Broadnax (“Thoughts of a Colored Man” on Broadway) directed Dave Harris’ “Everybody Black” at UC San Diego in 2019 and a reading of Keelay Gipson’s “The Red and the Black” as part of the Globe’s Powers New Voices Festival in 2022. He’s making his Globe full-production directorial debut with “Appropriate,” which he says “lies in the crossroads” between drama and dark comedy.
“That’s Branden Jacobs-Jenkins,” Broadnax said. “He turns expectation on its head. It’s definitely humorous, but this play is about how when you do not embrace or take ability for a family’s history or trauma, it will destroy the ties that bind in family.”
Broadnax believes “Appropriate” has something to say about not only the Lafayette family but relations everywhere. “We’re all working together with this production to tell the story of a particular family and their issues and also the larger family that’s represented.

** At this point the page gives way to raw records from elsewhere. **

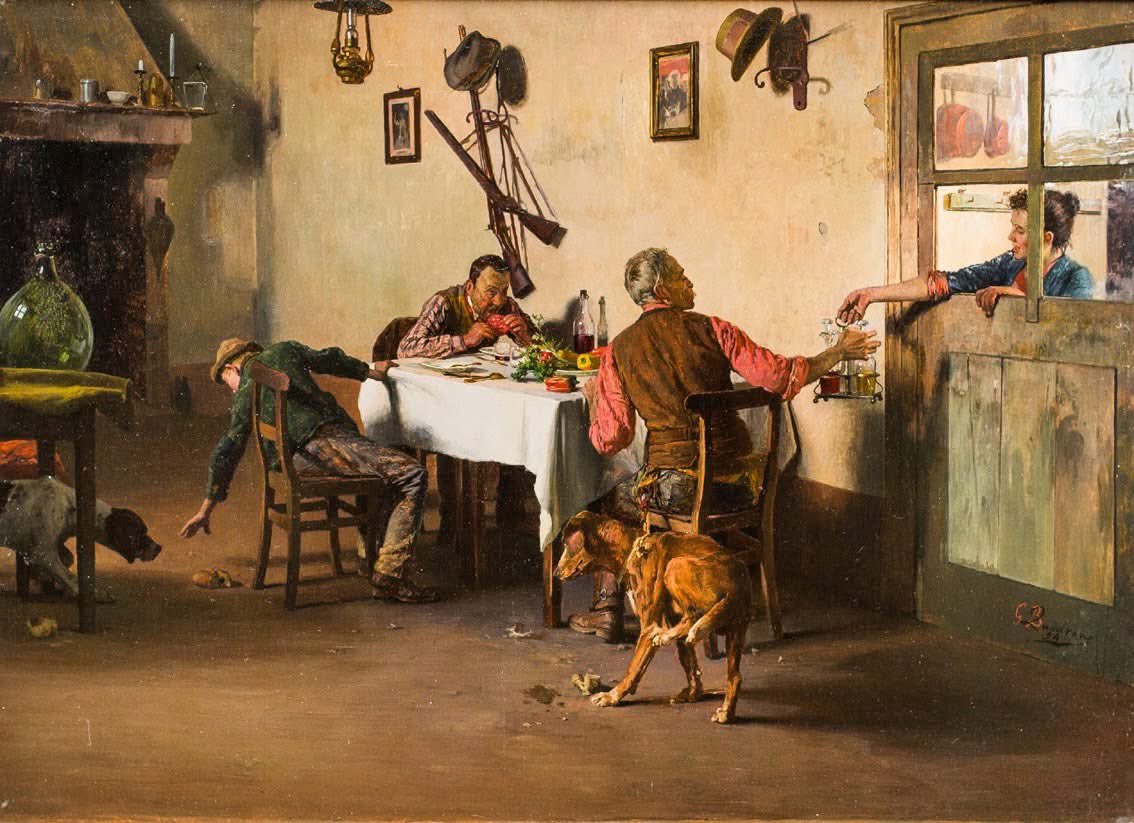 PinarKanat's tweet image. Giovanni Battista Quadrone ,Italian painter (1844–1898)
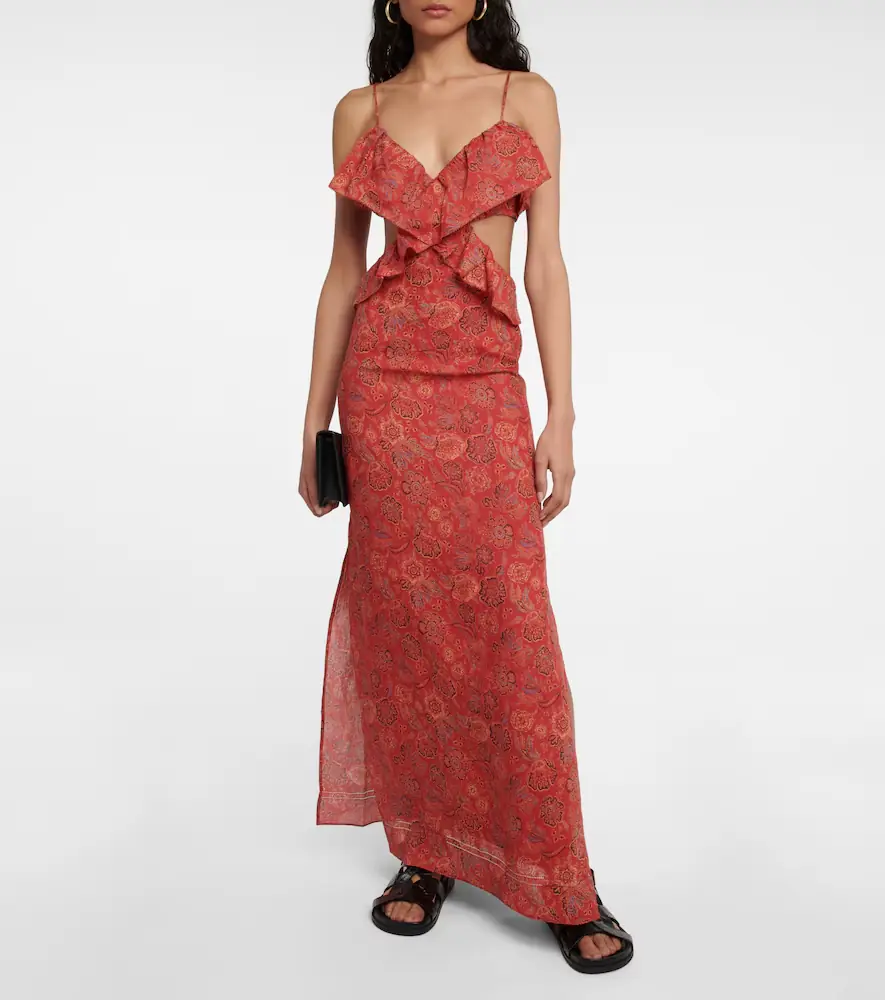 SIR. Allegra floral ramie maxi dress | Thumbnail 3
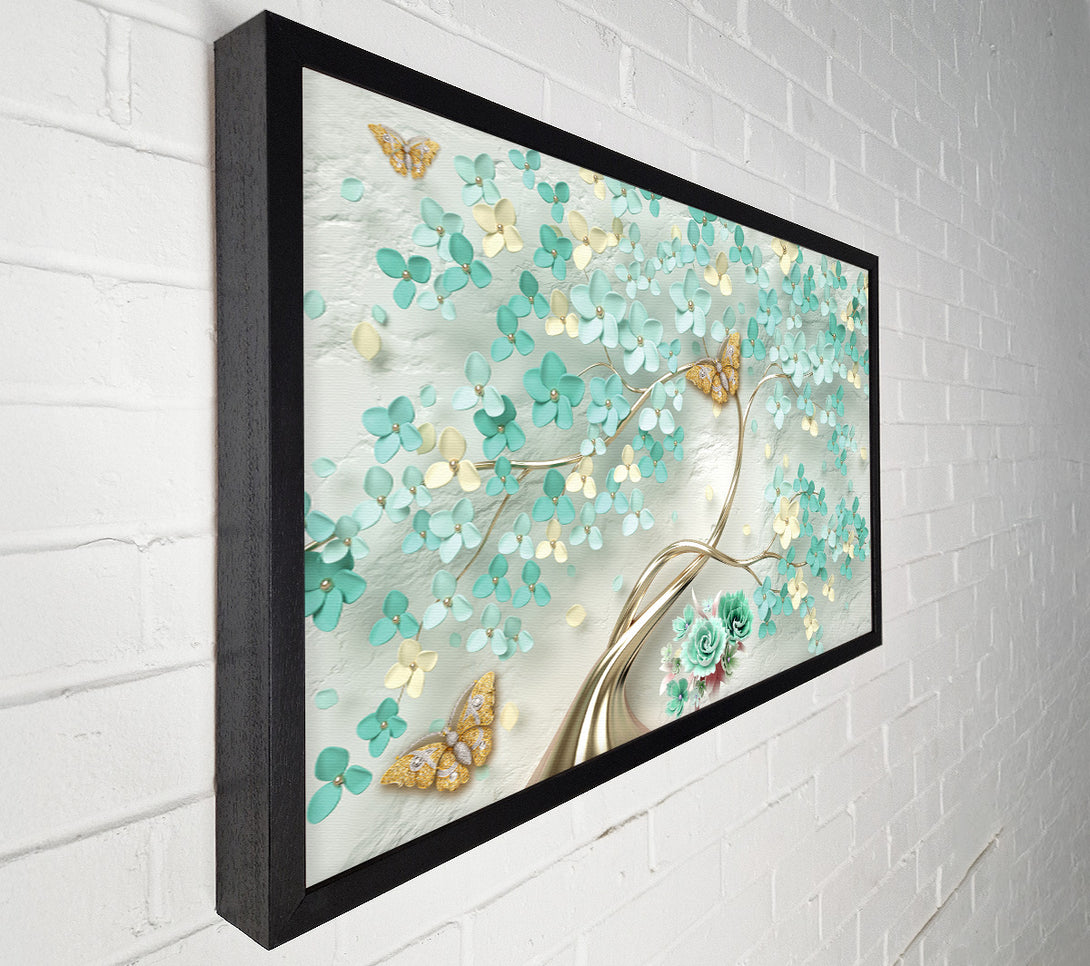  A Canvas Print of The Silver Branch Butterfly Canvas Print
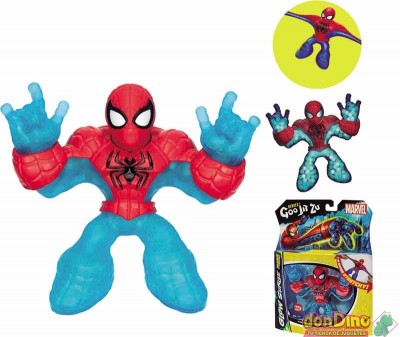 Figura spider-man glow surge goo ji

“With what’s happening politically with information in certain schools now and the debate about what should be taught, we need to confront our history in a macro sense,” he said. “We’ve got to deal with the truth of what’s happened in the past, too, and then we can reconcile. Sometimes people want to jump to reconciliation and ignore the history.”
In the Globe production Maggie Lacey stars as eldest Lafayette sibling Toni, with Steve Kazee and Daniel Petzold as Toni’s brothers Bo and Franz, respectively.
Twenty-two-year-old Daniel Dale, recently seen in “Saturday Night Live” alum Kyle Mooney’s sci-fi-comedy movie mashup “Y2K,” is playing Toni’s son Rhys.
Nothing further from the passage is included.